The next afternoon when Andy came home early they set out. There was a big sky of sapphire and gold and the snow blinded. She donned her sunglasses, grabbed her skates and headed out, Andy and Troy right behind her.

He was excited and yanked at his father’s hand. “I know what’s happening now!”

Andy tramped onto the hard surface of the pond-lake first and held out his arms.

“See, Mar? All good. I’ve been on it for a week, no surprises. It’s holding fast. Four inches thick, I checked twice.”

Maren nodded, sat on the bench and laced her skates deliberately, tightening them close to the skate boot. She wanted no wobbling this time. She would either skate right out and around or she would not attempt it today. It had to be that way; she couldn’t bear to fall or lose whatever edge she might have on its rough surface. If she got scared she couldn’t face Troy, nor Andy.

Her husband held Troy’s hand; it felt small. His son could barely recall the incident. He’d told his father he remembered her falling on ice, then shivering by a fire. He knew she didn’t like the lake (he called it what his father did to her annoyance). She had only told him she had once nearly drowned. He could not imagine it, his mother who chopped wood and planted the garden, canned peaches and tomatoes and made chimes and calmed him during nightmares. Told him good bedtime stories, still.

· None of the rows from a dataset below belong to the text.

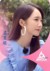 孟美岐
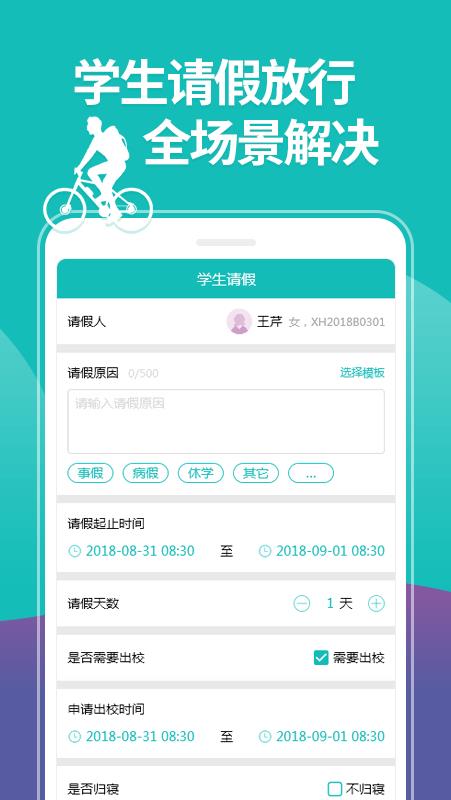 YN智慧校园  v1002106281图3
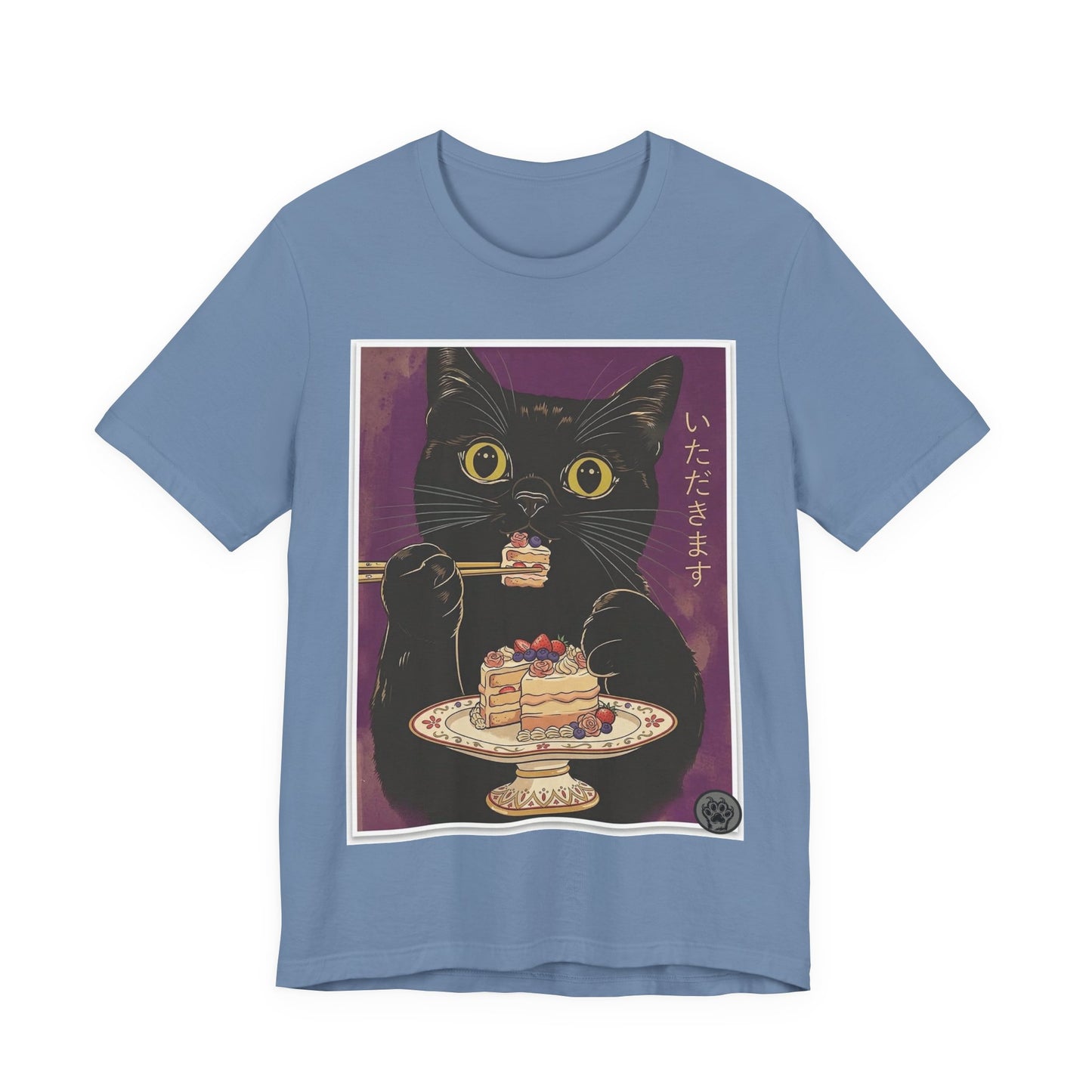 Ramen Cat - Finally Gets Some Cake!  Cute Funny T‑Shirt — Japanese Kawaii Black Cat Enjoying Dessert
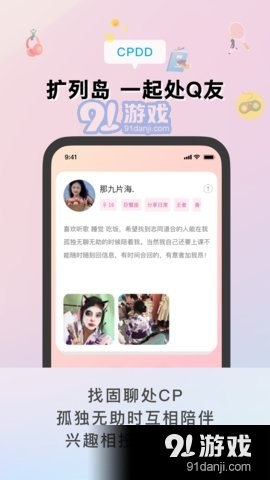 擴列島1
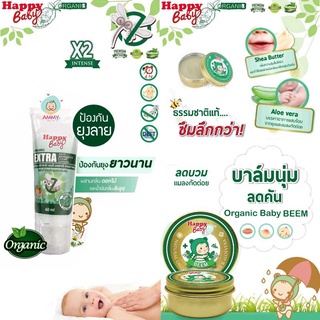 ภาพหน้าปกสินค้าHappy Bady Organic Extra Anti Mosquito Clear Lotion โลชั่นน้ำกันยุงชนิดเข้มข้น และ Baby Soft Balm บาล์มบำรุง ลดรอยแดง ซึ่งคุณอาจชอบราคาและรีวิวของสินค้านี้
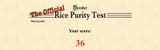 httpricepuritytest.com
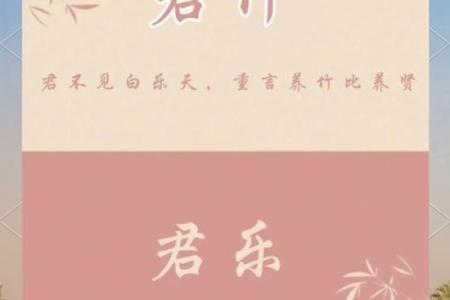 起名字不再难，掌握这几点轻松搞定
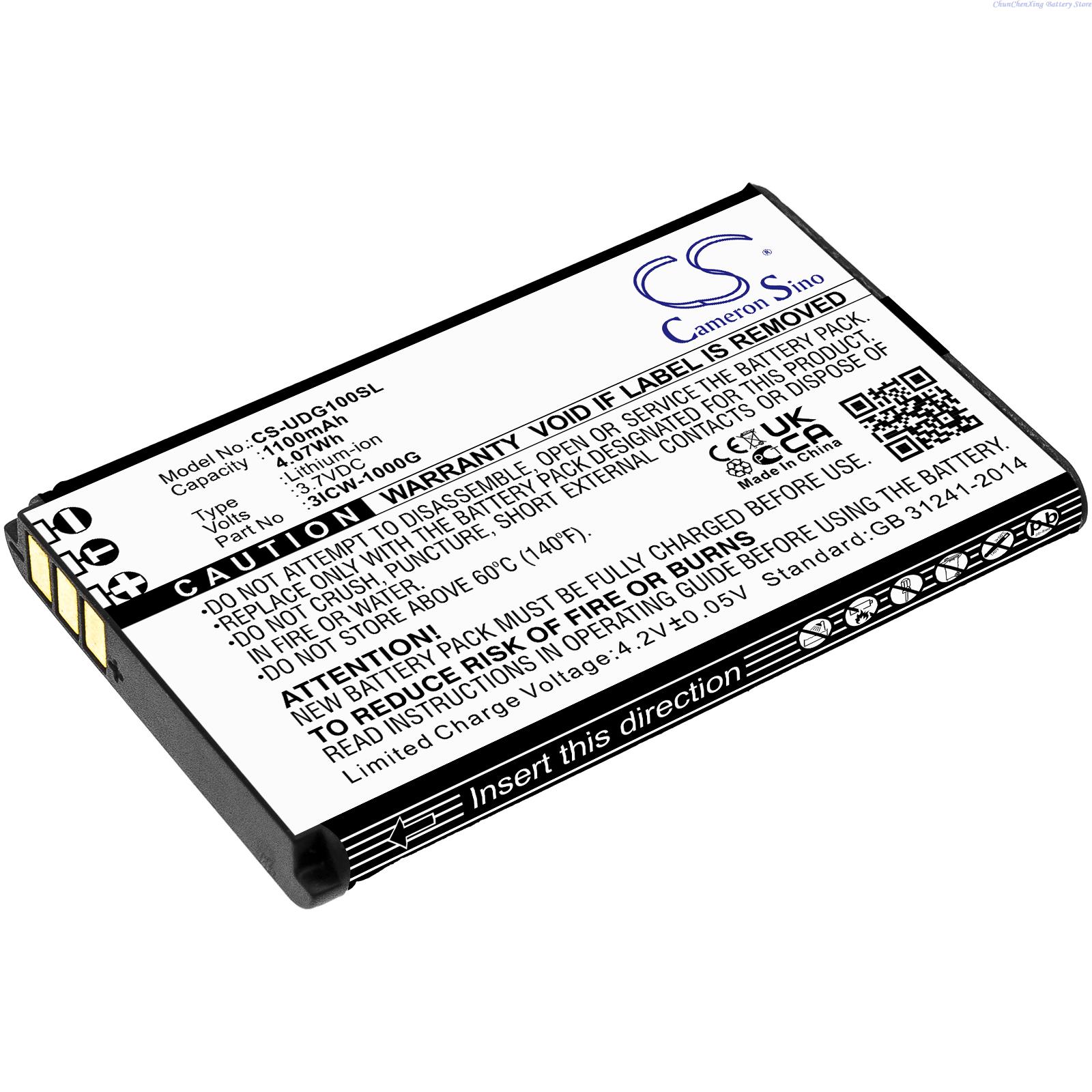 Replacement 3.7V 1100mAh VoIP  - Phone Battery Replacement 评论和价格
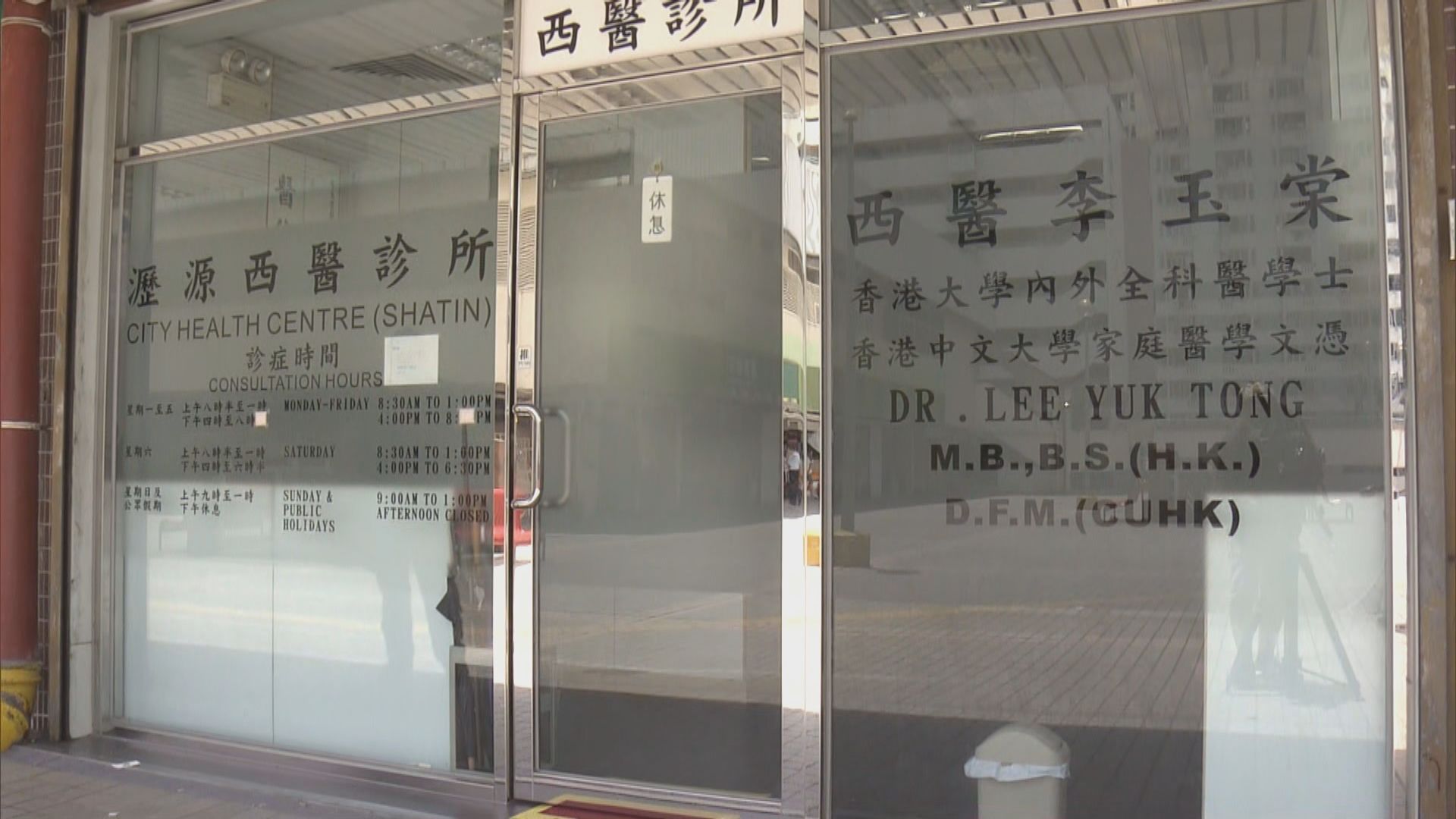 私家醫生轉介樣本化驗趨跌　政府提醒診所多做檢測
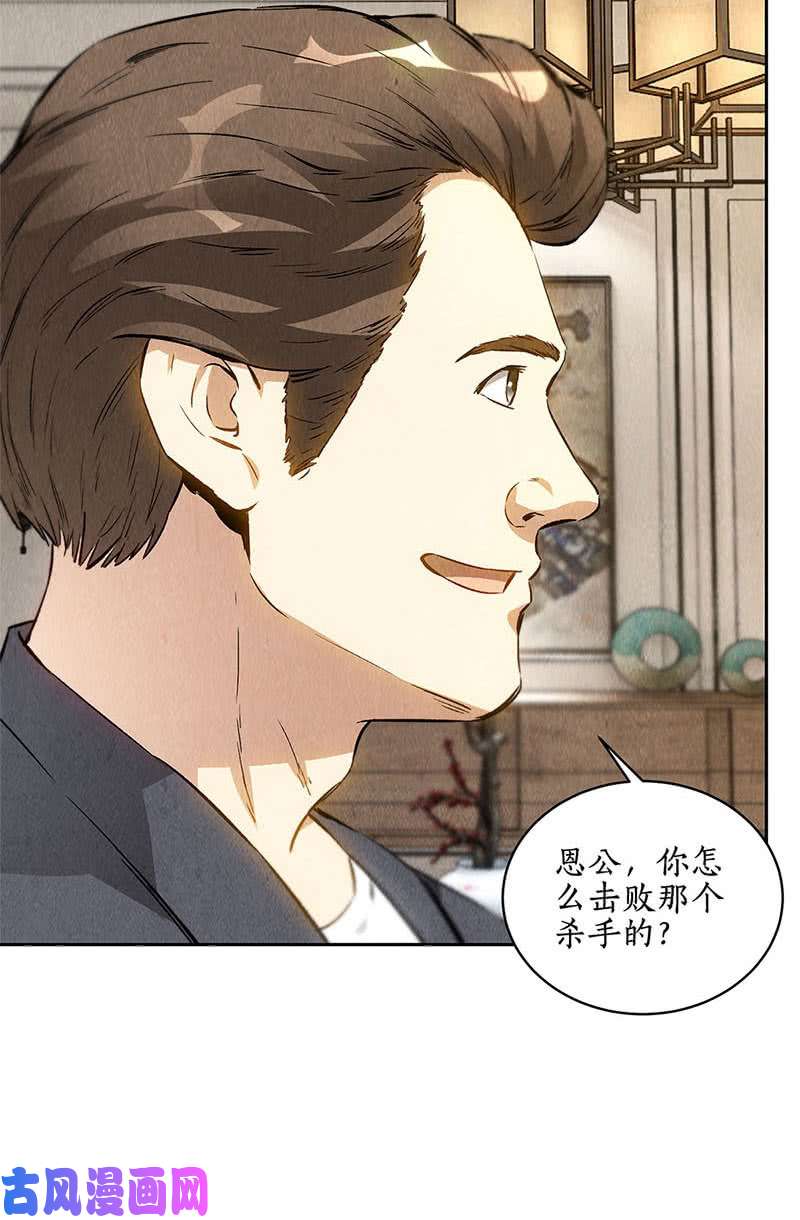我本废柴归来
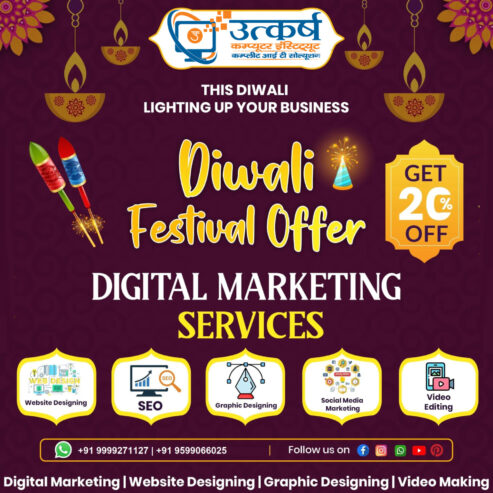 Digital Marketing Services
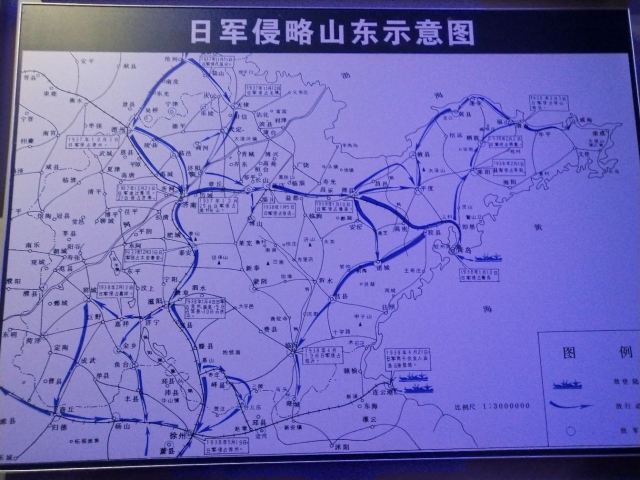 莱芜战役纪念馆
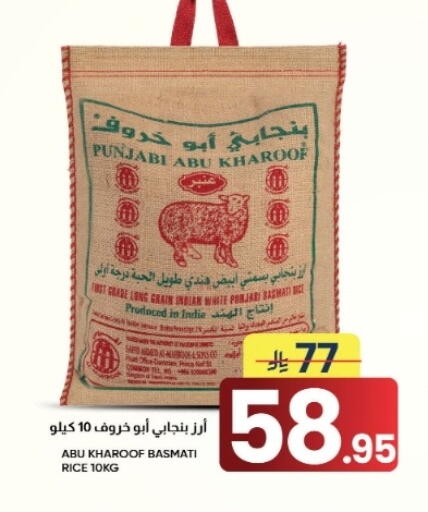 available at أسواق نهلة in مملكة العربية السعودية, السعودية, سعودية - الأحساء‎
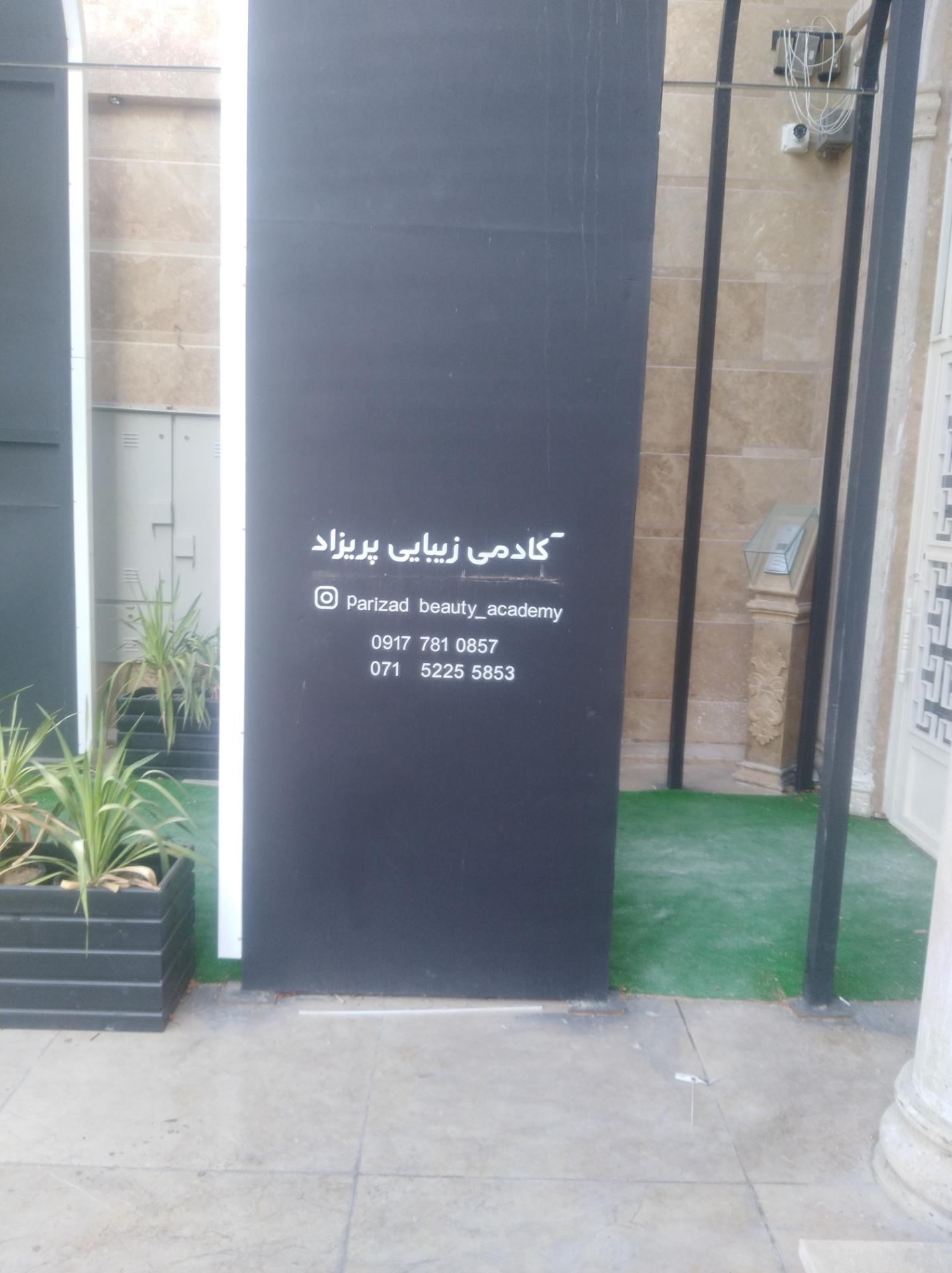 عکس کادمی زیبایی پریزاد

Maren stepped into the ice, making small steps on the ice as if she was a novice, her ear attuned to that terrible sound.

“What’s she doing? Is she afraid?”

Andy squeezed his hand.

But as she left the edge and  found more speed all she heard was this:: blades slicing across the ice, a sharp scrape as she pushed off for each long glide, the roughness of frozen water giving in to the command of her trail and its signature marks upon the ice. Freshening wind in her ears. She moved around the edge of the big pond, and soon was a medium speck at the far end as her husband and son looked on. Her heart felt it might explode as she pushed herself, thigh muscles engaging in power, giving her impetus to charge through time and space, across treacherous ice. She skated and listened, stayed back from its center where the ice failed her that one time. Fear ebbed and flowed but nothing threatened her, after all. She felt amid each movement more sloughing off burdens, the dissipation of fear. Flying by the two in her life who mattered most, she waved, then powered up for an effortless rise high above the ice, legs flung apart with her fingertips touching tops of opposing feet in a breathtaking split jump. She landed with a resounding thud. Not one shard of ice gave way beneath her. She skated on, hair waving behind her like a banner, one fist raised to the perfect sky.

“Dad! I didn’t know all this about Mom…”

Andy crouched in the thick bank of snow, held his son close.

“I don’t think I quite knew it, either, son.” He watched as Maren glided toward them as in a vision, like their own snow angel, clearly the woman he loved.